The answer must be the lines from the one that holds "Thank you for" through the final line of the data, copied exactly, with no pictures.
┄┄┄┄┄┄┄┄┄┄
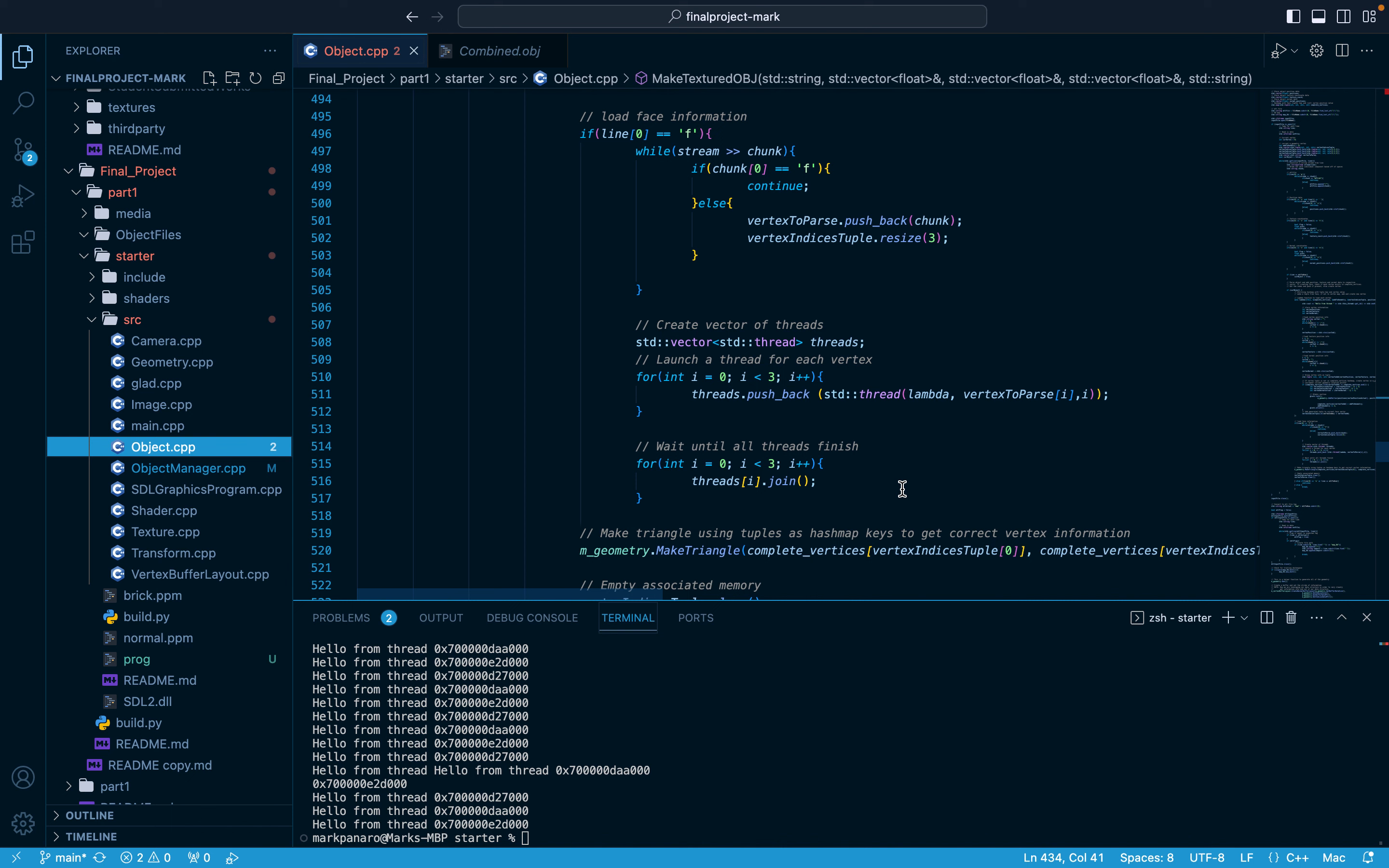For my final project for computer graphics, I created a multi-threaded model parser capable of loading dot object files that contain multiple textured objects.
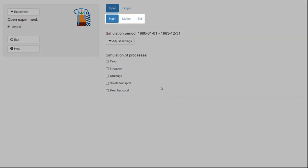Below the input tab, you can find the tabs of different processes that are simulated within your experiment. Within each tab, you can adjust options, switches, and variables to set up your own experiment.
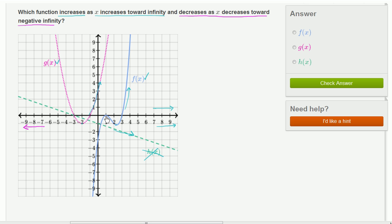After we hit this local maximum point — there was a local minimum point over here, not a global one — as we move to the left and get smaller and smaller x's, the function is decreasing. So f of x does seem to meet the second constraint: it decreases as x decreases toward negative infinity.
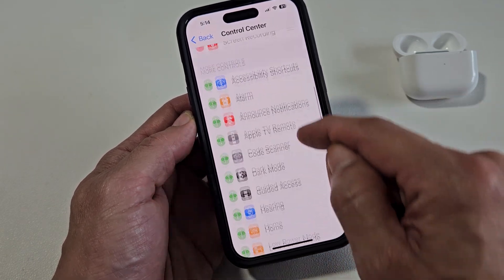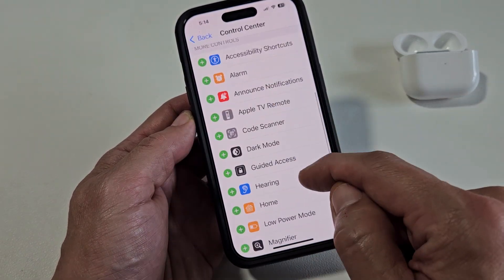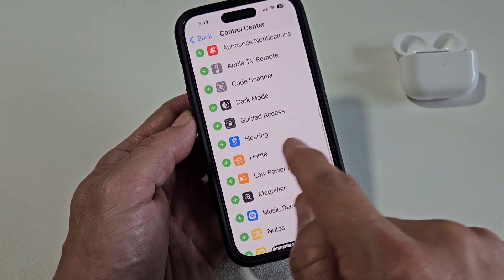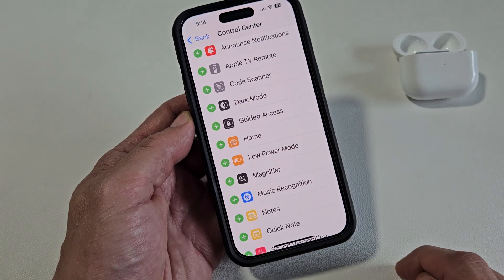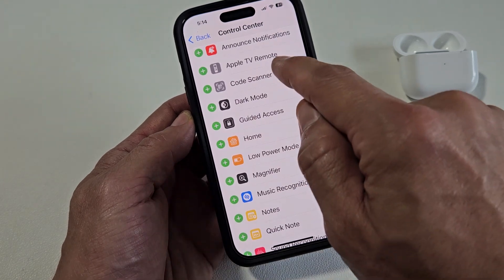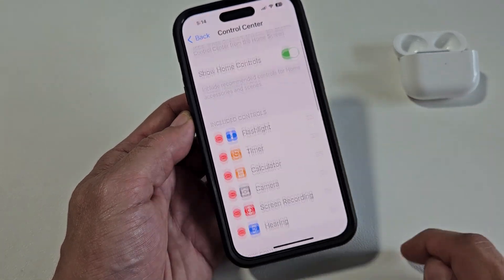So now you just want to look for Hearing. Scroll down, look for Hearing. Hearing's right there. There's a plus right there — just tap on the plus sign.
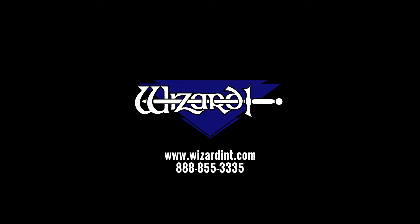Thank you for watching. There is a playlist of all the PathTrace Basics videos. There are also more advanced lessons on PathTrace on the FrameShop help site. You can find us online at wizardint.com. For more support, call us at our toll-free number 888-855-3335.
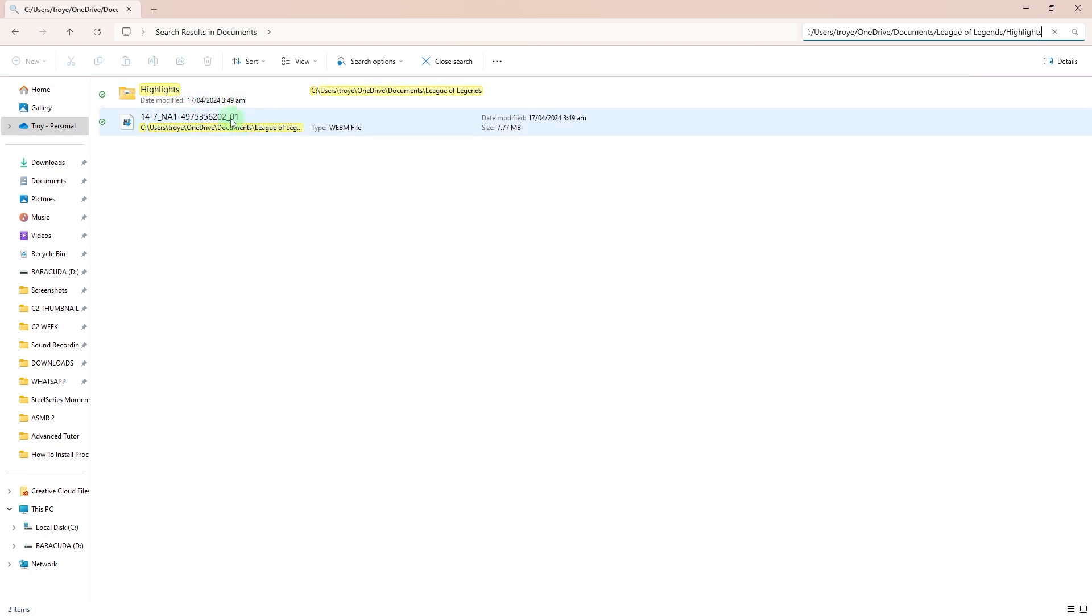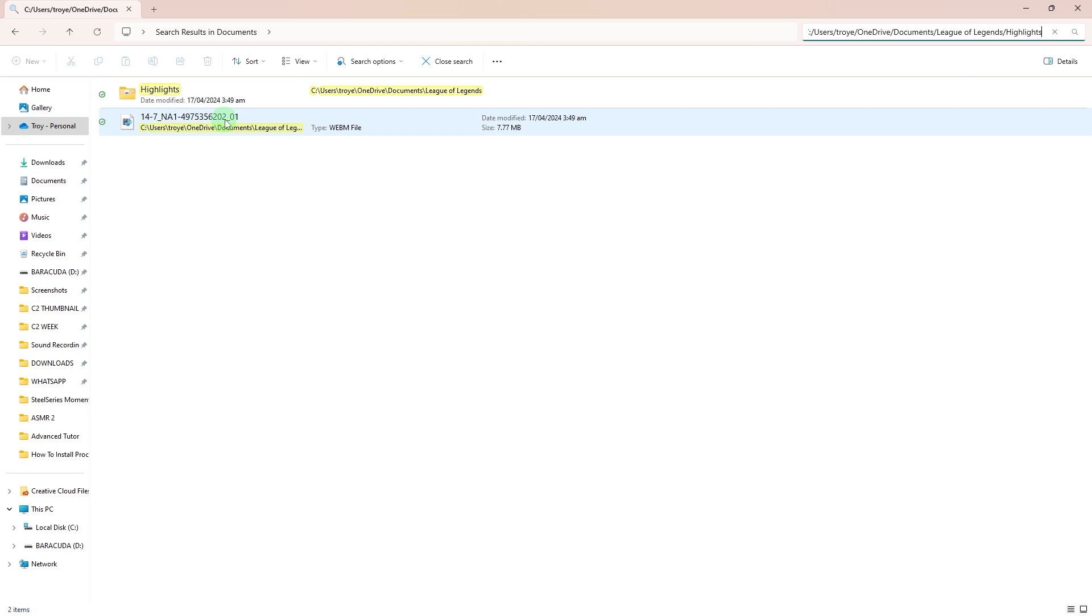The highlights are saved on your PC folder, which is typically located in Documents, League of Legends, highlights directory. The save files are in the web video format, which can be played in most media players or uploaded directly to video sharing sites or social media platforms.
┄┄┄┄┄┄┄┄┄┄
:: ANSWER TO THIS EXERCISE ::
Thank you for watching. There is a playlist of all the PathTrace Basics videos. There are also more advanced lessons on PathTrace on the FrameShop help site. You can find us online at wizardint.com. For more support, call us at our toll-free number 888-855-3335.
The highlights are saved on your PC folder, which is typically located in Documents, League of Legends, highlights directory. The save files are in the web video format, which can be played in most media players or uploaded directly to video sharing sites or social media platforms.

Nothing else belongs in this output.